Goal of the exercise: Once the line with "Camiseta vintage masculina" is found in the entries below, repeat it and each following line exactly, up to and including the line with "Tea for One Squares Porcelain Teapot". Add no other lines.

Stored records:
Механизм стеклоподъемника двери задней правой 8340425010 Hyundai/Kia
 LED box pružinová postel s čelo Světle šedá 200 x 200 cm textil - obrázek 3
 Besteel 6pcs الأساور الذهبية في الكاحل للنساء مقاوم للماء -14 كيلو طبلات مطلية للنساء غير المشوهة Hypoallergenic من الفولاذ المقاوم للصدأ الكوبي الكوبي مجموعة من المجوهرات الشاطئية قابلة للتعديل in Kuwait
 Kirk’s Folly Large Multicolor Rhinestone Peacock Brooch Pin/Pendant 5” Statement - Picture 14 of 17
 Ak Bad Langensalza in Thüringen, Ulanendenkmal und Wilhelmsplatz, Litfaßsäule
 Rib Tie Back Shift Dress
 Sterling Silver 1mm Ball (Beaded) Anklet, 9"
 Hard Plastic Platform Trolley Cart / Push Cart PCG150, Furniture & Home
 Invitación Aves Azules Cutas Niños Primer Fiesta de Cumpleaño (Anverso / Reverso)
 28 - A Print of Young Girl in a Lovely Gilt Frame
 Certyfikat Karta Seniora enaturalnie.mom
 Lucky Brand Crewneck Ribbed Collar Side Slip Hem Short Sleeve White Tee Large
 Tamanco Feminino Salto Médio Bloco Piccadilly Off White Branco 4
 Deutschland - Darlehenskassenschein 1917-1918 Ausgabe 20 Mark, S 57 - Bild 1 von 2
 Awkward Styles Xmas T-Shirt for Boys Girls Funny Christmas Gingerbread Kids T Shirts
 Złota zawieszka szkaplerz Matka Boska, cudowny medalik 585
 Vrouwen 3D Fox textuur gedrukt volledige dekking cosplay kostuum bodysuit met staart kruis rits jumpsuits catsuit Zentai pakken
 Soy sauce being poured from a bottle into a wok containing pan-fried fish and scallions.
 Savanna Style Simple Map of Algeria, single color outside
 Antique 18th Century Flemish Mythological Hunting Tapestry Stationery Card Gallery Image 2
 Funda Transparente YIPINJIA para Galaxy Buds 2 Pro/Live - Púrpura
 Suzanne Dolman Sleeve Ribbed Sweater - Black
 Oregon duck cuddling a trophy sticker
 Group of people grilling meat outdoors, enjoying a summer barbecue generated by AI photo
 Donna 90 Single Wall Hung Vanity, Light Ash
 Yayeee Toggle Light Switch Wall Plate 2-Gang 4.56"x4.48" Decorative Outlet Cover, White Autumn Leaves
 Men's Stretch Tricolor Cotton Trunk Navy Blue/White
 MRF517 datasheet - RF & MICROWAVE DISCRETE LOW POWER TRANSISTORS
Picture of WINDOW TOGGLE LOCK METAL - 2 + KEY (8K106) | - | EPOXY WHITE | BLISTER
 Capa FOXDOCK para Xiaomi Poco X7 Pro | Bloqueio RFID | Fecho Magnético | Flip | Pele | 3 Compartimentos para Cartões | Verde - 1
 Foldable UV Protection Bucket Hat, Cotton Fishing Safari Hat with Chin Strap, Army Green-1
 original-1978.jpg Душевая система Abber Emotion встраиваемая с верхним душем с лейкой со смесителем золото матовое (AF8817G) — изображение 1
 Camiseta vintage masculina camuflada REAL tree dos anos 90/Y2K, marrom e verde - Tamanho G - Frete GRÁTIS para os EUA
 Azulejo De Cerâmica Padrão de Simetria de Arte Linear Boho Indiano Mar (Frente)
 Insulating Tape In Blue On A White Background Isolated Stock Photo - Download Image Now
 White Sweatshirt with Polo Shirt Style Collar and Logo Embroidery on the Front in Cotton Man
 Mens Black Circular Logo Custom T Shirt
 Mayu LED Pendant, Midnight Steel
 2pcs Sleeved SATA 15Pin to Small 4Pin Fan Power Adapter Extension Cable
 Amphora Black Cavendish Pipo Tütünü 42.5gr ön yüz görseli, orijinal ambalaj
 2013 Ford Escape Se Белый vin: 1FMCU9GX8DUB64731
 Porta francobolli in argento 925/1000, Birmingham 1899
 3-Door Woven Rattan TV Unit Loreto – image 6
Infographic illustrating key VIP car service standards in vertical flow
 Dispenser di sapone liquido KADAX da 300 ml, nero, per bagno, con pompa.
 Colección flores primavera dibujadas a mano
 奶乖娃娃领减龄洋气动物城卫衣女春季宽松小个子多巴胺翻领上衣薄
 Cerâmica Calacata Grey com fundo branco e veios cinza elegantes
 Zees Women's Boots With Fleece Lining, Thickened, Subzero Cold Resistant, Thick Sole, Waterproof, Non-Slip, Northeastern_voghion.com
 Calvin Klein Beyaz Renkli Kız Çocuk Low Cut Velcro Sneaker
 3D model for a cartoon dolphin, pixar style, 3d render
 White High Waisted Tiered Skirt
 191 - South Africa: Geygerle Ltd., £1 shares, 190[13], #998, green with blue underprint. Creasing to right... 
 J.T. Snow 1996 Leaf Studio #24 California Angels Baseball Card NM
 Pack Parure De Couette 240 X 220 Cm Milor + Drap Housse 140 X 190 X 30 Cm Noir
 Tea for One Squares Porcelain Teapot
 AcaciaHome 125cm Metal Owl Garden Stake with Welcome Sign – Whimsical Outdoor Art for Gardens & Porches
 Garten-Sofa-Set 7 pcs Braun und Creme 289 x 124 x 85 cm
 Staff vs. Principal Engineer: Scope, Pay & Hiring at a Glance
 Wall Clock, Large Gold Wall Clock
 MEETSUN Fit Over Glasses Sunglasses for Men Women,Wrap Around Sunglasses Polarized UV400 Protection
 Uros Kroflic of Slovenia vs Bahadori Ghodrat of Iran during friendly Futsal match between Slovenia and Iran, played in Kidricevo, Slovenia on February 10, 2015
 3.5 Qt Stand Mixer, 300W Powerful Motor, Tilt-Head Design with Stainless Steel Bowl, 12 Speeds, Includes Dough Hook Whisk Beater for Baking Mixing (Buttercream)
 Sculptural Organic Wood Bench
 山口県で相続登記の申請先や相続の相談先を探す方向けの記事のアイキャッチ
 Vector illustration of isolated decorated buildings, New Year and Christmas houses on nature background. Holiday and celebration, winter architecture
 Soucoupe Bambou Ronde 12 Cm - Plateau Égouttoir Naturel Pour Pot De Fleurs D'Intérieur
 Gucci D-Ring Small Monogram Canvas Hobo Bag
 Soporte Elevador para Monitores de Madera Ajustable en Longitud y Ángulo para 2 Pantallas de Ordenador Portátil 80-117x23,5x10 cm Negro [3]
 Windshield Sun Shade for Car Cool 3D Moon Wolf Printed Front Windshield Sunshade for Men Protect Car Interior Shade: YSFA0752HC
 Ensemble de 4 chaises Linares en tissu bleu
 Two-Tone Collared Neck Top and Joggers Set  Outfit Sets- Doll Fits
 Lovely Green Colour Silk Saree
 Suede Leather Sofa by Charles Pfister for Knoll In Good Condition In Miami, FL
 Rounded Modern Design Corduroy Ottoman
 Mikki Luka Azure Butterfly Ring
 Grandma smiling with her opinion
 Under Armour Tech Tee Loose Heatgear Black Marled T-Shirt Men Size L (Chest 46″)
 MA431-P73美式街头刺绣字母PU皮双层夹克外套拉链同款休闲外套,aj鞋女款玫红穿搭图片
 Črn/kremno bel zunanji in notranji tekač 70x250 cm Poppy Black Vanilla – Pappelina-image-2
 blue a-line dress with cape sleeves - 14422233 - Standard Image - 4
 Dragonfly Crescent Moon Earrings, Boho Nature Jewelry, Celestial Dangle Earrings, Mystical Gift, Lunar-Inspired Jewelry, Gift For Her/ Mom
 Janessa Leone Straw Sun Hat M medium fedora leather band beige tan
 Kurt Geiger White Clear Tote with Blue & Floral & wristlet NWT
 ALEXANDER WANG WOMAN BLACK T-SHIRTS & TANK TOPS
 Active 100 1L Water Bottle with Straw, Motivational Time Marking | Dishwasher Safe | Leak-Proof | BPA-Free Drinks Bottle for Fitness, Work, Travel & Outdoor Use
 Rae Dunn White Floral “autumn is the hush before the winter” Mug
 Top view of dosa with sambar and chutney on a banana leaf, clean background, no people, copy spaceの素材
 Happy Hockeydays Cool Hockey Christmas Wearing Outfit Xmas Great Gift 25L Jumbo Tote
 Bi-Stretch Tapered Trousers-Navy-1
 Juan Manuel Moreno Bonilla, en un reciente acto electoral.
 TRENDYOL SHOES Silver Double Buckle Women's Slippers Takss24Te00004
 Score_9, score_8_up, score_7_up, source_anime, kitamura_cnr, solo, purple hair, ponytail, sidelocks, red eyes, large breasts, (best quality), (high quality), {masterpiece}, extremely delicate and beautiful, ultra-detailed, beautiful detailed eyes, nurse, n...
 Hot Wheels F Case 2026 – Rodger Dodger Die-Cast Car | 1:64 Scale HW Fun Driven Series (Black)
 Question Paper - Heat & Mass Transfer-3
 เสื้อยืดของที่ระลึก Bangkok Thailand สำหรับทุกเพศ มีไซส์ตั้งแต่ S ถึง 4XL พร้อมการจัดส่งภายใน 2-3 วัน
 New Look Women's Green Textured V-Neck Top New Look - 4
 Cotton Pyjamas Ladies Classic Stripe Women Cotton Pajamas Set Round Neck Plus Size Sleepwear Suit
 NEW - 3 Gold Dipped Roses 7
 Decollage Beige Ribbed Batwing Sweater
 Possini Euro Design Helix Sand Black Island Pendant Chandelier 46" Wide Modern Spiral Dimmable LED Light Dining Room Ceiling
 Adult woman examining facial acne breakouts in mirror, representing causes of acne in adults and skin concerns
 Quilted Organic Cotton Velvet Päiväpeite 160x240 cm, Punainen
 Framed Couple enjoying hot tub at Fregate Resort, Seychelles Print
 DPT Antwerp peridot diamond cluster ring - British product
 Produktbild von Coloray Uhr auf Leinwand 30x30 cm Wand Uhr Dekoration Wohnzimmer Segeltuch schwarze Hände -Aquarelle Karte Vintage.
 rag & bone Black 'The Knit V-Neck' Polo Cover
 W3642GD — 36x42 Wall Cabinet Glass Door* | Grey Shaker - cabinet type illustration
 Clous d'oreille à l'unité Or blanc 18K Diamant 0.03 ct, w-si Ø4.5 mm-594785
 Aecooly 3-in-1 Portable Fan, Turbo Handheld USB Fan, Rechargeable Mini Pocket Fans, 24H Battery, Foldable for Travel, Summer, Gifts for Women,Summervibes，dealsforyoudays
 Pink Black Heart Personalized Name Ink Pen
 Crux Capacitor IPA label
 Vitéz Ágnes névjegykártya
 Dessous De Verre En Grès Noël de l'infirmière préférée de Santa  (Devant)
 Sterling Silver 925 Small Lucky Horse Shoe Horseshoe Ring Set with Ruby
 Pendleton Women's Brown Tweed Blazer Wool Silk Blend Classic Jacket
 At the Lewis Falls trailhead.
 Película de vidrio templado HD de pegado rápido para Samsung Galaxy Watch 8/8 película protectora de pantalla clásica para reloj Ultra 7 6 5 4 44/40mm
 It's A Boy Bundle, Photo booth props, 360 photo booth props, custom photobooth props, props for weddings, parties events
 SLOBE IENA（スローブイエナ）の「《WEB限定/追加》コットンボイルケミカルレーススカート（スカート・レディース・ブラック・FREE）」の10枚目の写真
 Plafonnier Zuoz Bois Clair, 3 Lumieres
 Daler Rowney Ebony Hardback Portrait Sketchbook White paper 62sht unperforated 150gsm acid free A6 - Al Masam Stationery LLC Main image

Solution:
 Camiseta vintage masculina camuflada REAL tree dos anos 90/Y2K, marrom e verde - Tamanho G - Frete GRÁTIS para os EUA
 Azulejo De Cerâmica Padrão de Simetria de Arte Linear Boho Indiano Mar (Frente)
 Insulating Tape In Blue On A White Background Isolated Stock Photo - Download Image Now
 White Sweatshirt with Polo Shirt Style Collar and Logo Embroidery on the Front in Cotton Man
 Mens Black Circular Logo Custom T Shirt
 Mayu LED Pendant, Midnight Steel
 2pcs Sleeved SATA 15Pin to Small 4Pin Fan Power Adapter Extension Cable
 Amphora Black Cavendish Pipo Tütünü 42.5gr ön yüz görseli, orijinal ambalaj
 2013 Ford Escape Se Белый vin: 1FMCU9GX8DUB64731
 Porta francobolli in argento 925/1000, Birmingham 1899
 3-Door Woven Rattan TV Unit Loreto – image 6
Infographic illustrating key VIP car service standards in vertical flow
 Dispenser di sapone liquido KADAX da 300 ml, nero, per bagno, con pompa.
 Colección flores primavera dibujadas a mano
 奶乖娃娃领减龄洋气动物城卫衣女春季宽松小个子多巴胺翻领上衣薄
 Cerâmica Calacata Grey com fundo branco e veios cinza elegantes
 Zees Women's Boots With Fleece Lining, Thickened, Subzero Cold Resistant, Thick Sole, Waterproof, Non-Slip, Northeastern_voghion.com
 Calvin Klein Beyaz Renkli Kız Çocuk Low Cut Velcro Sneaker
 3D model for a cartoon dolphin, pixar style, 3d render
 White High Waisted Tiered Skirt
 191 - South Africa: Geygerle Ltd., £1 shares, 190[13], #998, green with blue underprint. Creasing to right... 
 J.T. Snow 1996 Leaf Studio #24 California Angels Baseball Card NM
 Pack Parure De Couette 240 X 220 Cm Milor + Drap Housse 140 X 190 X 30 Cm Noir
 Tea for One Squares Porcelain Teapot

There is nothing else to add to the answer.